A personal loan can be a useful tool for debt consolidation. If you can qualify for a personal loan that has a lower interest rate than your other outstanding debts, you may be able to save money in the long run by consolidating those debts. In order for this financial strategy to work, it’s important to stop using the old sources of credit to avoid going deeper into debt.

A personal loan also could be a suitable choice for paying for a wedding or home renovation. But it’s important that you feel confident about being able to repay the loan on time and in full. If you don’t responsibly manage a personal loan — or any kind of debt, for that matter — your credit can be adversely affected.

You can apply for a secured or unsecured personal loan. A secured loan, which is backed by collateral, is typically considered less of a risk by lenders than an unsecured loan is. Collateral is an asset the borrower owns — a vehicle, real estate, savings account, or other item of value. If the borrower fails to repay a secured loan, the lender has the right to take possession of the asset that was put up as collateral.

An applicant’s overall creditworthiness will be considered during the approval process. Generally, an applicant with a higher credit score will qualify for a lower interest rate, and vice versa.

Some lenders charge personal loan fees such as origination fees or prepayment penalty fees. Before signing a loan agreement, it’s important to be aware of any fees you may be charged.

Pros and Cons of Personal Loans

When you need a set amount of money for an expense, a personal loan can be a good choice. Along with the benefits of using this financial tool also come a few drawbacks to consider.

Pros of Personal Loans

•   May be a good choice for large, upfront expenses.

•   Typically have fixed interest rates.

•   Steady payments may be easier to budget for.

•   May have a lower interest rate than credit cards.

Cons of Personal Loans

•   Unsecured personal loans may have higher interest rates than other forms of secured credit.

•   May need a higher credit score to qualify for lower interest rates.

•   If not used responsibly, it can add to a person’s debt load instead of alleviating it.

•   May have fees.

Major Differences Between Personal Lines of Credit and Personal Loans

When you’re looking for the right source of funding for your financial needs, it can help to compare different types. Here are some specifics to consider when looking at personal LOCs and personal loans.

Personal Line of Credit

Personal Loan

Typically has a fixed interest rate More likely to have a variable interest rate
Fixed interest rate may make it easier to budget payments Variable interest rate may present a budgeting challenge
Fixed, lump sum Open-ended credit, up to approved limit
Interest is charged during entire loan term Interest is only charged on withdrawn amounts
Revolving debt Installment debt

Considering the Type of Debt

When you’re thinking about applying for a personal LOC or a personal loan, it’s important to consider the effect borrowing money can have on your credit score. If you borrow money without a repayment plan in place, you could run into trouble no matter which borrowing option you go for. But each is looked at differently by the credit bureaus.

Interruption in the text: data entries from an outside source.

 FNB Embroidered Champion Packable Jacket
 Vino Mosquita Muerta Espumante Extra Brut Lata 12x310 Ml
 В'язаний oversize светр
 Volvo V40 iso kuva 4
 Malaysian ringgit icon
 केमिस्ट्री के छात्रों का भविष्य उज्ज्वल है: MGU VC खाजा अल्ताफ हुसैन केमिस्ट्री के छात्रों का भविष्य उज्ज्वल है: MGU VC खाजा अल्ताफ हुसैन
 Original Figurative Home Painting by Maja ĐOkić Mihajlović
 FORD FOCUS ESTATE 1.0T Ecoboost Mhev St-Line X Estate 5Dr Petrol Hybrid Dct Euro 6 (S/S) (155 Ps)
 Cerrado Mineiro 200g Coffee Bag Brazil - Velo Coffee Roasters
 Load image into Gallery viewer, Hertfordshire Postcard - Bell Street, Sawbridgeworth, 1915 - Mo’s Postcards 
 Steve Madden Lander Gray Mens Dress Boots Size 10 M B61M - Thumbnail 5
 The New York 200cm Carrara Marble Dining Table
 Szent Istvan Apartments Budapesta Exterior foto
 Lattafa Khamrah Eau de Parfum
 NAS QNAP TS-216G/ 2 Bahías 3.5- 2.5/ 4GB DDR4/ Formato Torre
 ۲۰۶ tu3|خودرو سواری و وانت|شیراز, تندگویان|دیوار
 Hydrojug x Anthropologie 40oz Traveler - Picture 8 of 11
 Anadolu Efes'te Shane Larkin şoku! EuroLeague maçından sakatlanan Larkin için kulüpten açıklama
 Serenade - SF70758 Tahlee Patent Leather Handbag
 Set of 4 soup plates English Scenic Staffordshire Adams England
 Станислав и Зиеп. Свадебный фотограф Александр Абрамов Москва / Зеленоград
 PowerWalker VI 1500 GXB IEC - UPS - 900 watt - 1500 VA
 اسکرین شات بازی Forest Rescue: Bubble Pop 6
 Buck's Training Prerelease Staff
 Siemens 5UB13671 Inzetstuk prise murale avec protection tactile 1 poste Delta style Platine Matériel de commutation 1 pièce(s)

A personal LOC is revolving debt, which means it will factor into your credit utilization ratio — how much you owe compared to the amount of credit that’s available to you.

For a FICO® Score or a score by VantageScore, keeping your total credit utilization rate below 30% is recommended.

•   Using a large percentage of your available credit can have a negative effect on your credit score. And lenders may see you as a high-risk applicant because they may assume you’re close to maxing out your credit cards.

•   Using a small percentage of your available credit can work in your favor. If your credit utilization ratio is low (under 10%), it signifies to potential lenders that other lenders have determined you to be a good risk, but you don’t need to use the credit that’s been extended to you.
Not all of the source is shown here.